RELATOS ENCRIPTADOS (VIII)

By María García Baranda - agosto 28, 2014



Apagó el motor del coche y se quedó sentada un momento en su interior. Quitó la música y sin despegar las manos del volante acercó su cara hacia la luna delantera, como si ese gesto sirviera para averiguar qué se escondía más allá del horizonte. No vio nada. Bajó los ojos en busca del reloj interior y se dio cuenta de que apenas eran las seis de la mañana. El termómetro marcaba ya veintiséis grados. Aún estaba a tiempo, pensó. Cogió de la guantera sus gafas de sol azuladas, de su bolso un pañuelo para cubrirse el pelo y salió del coche.

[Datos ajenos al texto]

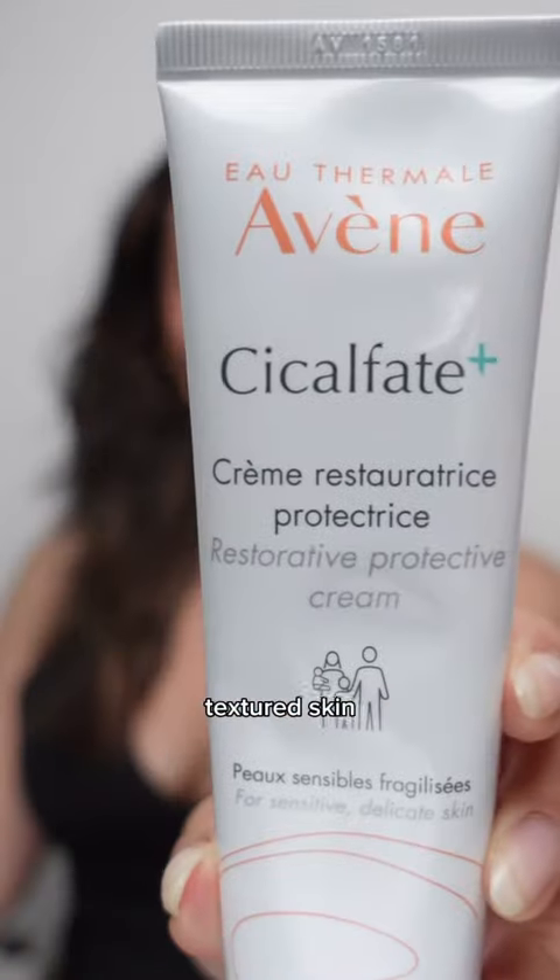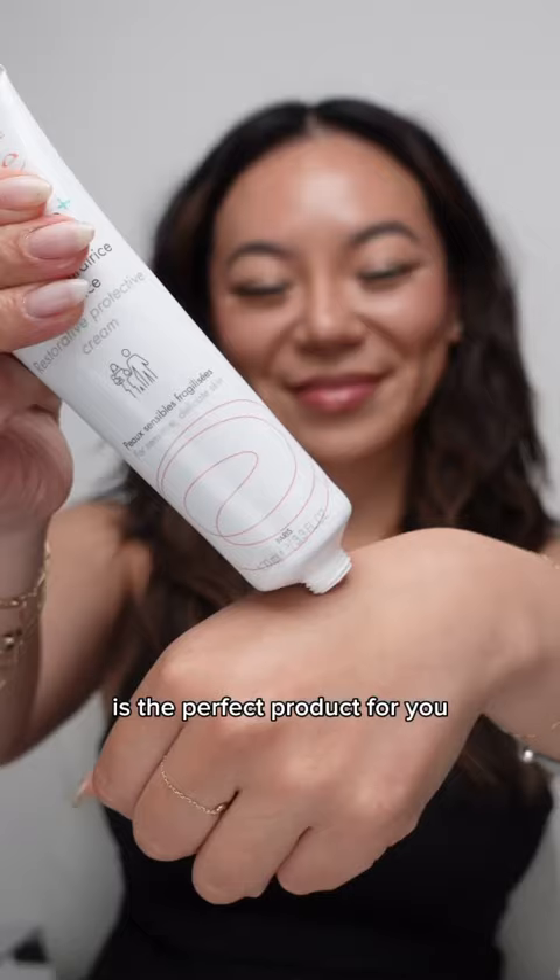If you have sensitive textured skin, Avene Cicalfate+ Restorative Protective Cream is the perfect product for you. The advanced technology is clinically proven to help restore the skin barrier four times faster while maintaining an optimal healing environment for a multitude of skin concerns.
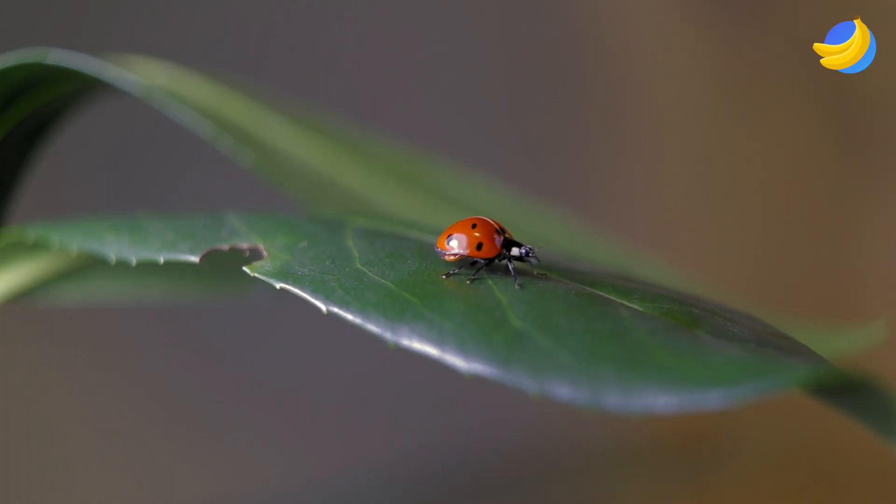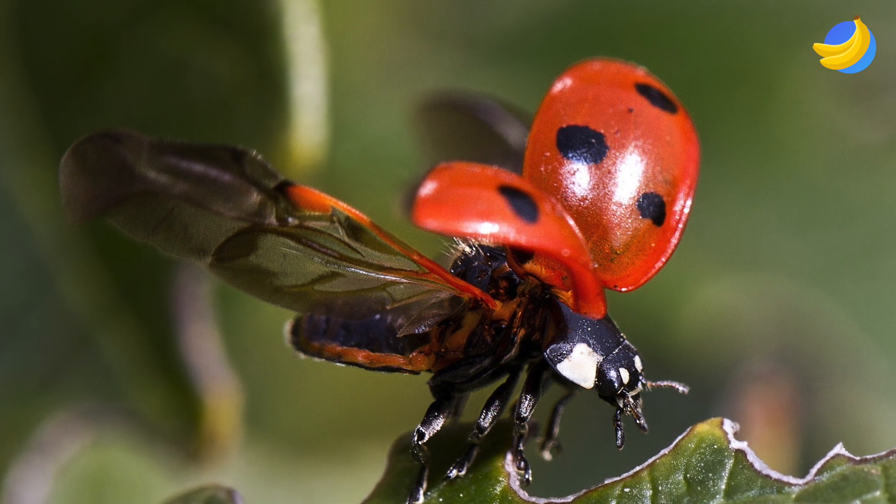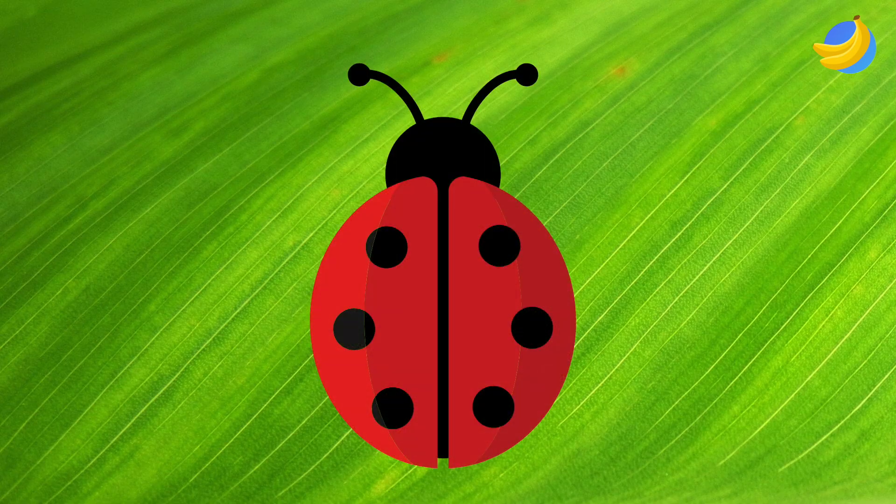They have four wings: two for flying, and above them are two more wings like hard shells. Their body is round, so they are very easy to draw.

Caminó unos pasos hacia delante y se sentó a esperar la salida del sol, aguardando que los primeros rayos iluminaran la línea imaginaria que se encontraba frente a ella. Sabía que al otro lado nacía otro país y se preguntó si las gentes que allí habitaban serían muy distintas a las de la tierra que ahora pisaba. No conocía bien su cultura, ni sus costumbres, ni su concepto de la vida, ni su verdadero sentir. Era una extranjera de paso y únicamente le había dado tiempo a echar un breve vistazo a su alrededor. Más allá de los tópicos no había conseguido perfilar un boceto claro. Empezó a imaginar cómo sería su vida en una cultura tan distinta a la suya, en una sociedad en la que las mujeres desempeñan un papel ya obsoleto en occidente. Tenía la certeza de que ella no encajaría en un rol consistente en la ciega obediencia al hombre, ciudadana de segunda y, al mismo tiempo, encargada de engendrar la simiente que seguiría alimentando esa pirámide de desigualdad. Naturalmente, cuando se ha conocido otro modo de vida no es posible descender hacia la pasividad y el silencio pavoroso. Y, por otro lado, muchas de las mujeres con las que se comparaba seguían fomentando ese sistema social. Se preguntó el porqué y de forma inmediata le vino a la mente la duda de cómo observaría una sociedad más avanzada el engranaje en el que ella vivía. Muy posiblemente de existir un grupo humano más evolucionado, en el que las mujeres no hubieran de reivindicar derecho alguno por el reconocimiento de su igualdad con el hombre, sus féminas se cuestionarían al igual que hoy hacía ella cómo era posible desenvolverse felizmente caminando entre lodo. Supuso que se trataba de una cuestión de costumbre. A todo se habitúa uno, al igual que un preso se hace a recorrer tan solo los metros cuadrados de su celda o un niño sabe que su recreo durará tan solo media hora.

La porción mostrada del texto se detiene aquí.